__Exercise directions__
Give again, word for word, every line in the entries below from the line with "Person wearing a" up to and including the line with "Black dog licking", and no other line.

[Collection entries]
<<<<
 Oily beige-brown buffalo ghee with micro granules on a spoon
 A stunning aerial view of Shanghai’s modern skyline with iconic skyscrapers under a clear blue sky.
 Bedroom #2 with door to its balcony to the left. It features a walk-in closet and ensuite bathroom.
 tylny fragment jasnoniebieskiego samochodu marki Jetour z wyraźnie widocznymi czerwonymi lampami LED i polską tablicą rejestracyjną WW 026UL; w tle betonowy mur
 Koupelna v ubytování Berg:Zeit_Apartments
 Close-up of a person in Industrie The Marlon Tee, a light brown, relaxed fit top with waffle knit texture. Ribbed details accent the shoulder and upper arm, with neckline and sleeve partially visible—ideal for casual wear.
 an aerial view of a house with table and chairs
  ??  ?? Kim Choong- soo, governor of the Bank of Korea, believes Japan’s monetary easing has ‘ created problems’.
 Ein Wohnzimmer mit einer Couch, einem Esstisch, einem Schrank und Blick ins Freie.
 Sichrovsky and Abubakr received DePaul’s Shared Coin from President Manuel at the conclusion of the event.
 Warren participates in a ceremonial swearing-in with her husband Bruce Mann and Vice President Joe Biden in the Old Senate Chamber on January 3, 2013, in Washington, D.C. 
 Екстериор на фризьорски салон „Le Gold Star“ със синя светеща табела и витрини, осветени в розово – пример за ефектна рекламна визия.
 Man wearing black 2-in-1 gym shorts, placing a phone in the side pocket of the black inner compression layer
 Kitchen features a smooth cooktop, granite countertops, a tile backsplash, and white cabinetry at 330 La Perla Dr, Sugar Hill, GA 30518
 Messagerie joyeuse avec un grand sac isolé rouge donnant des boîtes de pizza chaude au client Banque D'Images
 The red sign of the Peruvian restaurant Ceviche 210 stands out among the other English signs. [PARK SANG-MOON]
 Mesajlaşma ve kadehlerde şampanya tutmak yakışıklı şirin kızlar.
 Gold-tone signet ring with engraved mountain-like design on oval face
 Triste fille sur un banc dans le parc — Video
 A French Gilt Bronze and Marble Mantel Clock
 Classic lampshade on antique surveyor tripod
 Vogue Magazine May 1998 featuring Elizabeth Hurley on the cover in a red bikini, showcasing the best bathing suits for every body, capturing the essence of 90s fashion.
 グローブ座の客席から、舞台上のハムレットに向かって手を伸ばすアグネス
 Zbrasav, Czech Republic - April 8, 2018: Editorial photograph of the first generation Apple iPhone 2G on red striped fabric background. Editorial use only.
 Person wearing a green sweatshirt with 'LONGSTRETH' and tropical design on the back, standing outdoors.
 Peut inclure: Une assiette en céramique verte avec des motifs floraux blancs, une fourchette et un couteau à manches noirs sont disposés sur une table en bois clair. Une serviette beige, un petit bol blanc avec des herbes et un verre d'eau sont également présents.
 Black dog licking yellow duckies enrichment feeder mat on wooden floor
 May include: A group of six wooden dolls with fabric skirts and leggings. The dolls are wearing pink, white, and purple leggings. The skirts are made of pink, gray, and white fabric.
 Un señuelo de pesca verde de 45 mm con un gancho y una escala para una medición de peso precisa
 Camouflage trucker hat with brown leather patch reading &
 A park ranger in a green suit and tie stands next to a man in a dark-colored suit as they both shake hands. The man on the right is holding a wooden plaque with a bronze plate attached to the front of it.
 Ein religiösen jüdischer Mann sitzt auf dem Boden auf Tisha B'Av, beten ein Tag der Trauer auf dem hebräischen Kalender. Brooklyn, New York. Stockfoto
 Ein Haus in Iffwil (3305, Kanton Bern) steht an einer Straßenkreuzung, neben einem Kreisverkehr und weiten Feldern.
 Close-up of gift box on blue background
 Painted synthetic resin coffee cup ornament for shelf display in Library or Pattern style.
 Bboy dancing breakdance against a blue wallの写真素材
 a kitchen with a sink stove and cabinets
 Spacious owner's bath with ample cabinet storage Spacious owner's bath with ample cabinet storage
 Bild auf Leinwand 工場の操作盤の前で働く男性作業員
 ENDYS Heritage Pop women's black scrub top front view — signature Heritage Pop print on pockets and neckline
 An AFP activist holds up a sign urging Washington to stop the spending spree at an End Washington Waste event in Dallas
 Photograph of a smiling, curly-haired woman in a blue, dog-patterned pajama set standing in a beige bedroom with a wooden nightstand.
>>>>
__Final answer__
 Person wearing a green sweatshirt with 'LONGSTRETH' and tropical design on the back, standing outdoors.
 Peut inclure: Une assiette en céramique verte avec des motifs floraux blancs, une fourchette et un couteau à manches noirs sont disposés sur une table en bois clair. Une serviette beige, un petit bol blanc avec des herbes et un verre d'eau sont également présents.
 Black dog licking yellow duckies enrichment feeder mat on wooden floor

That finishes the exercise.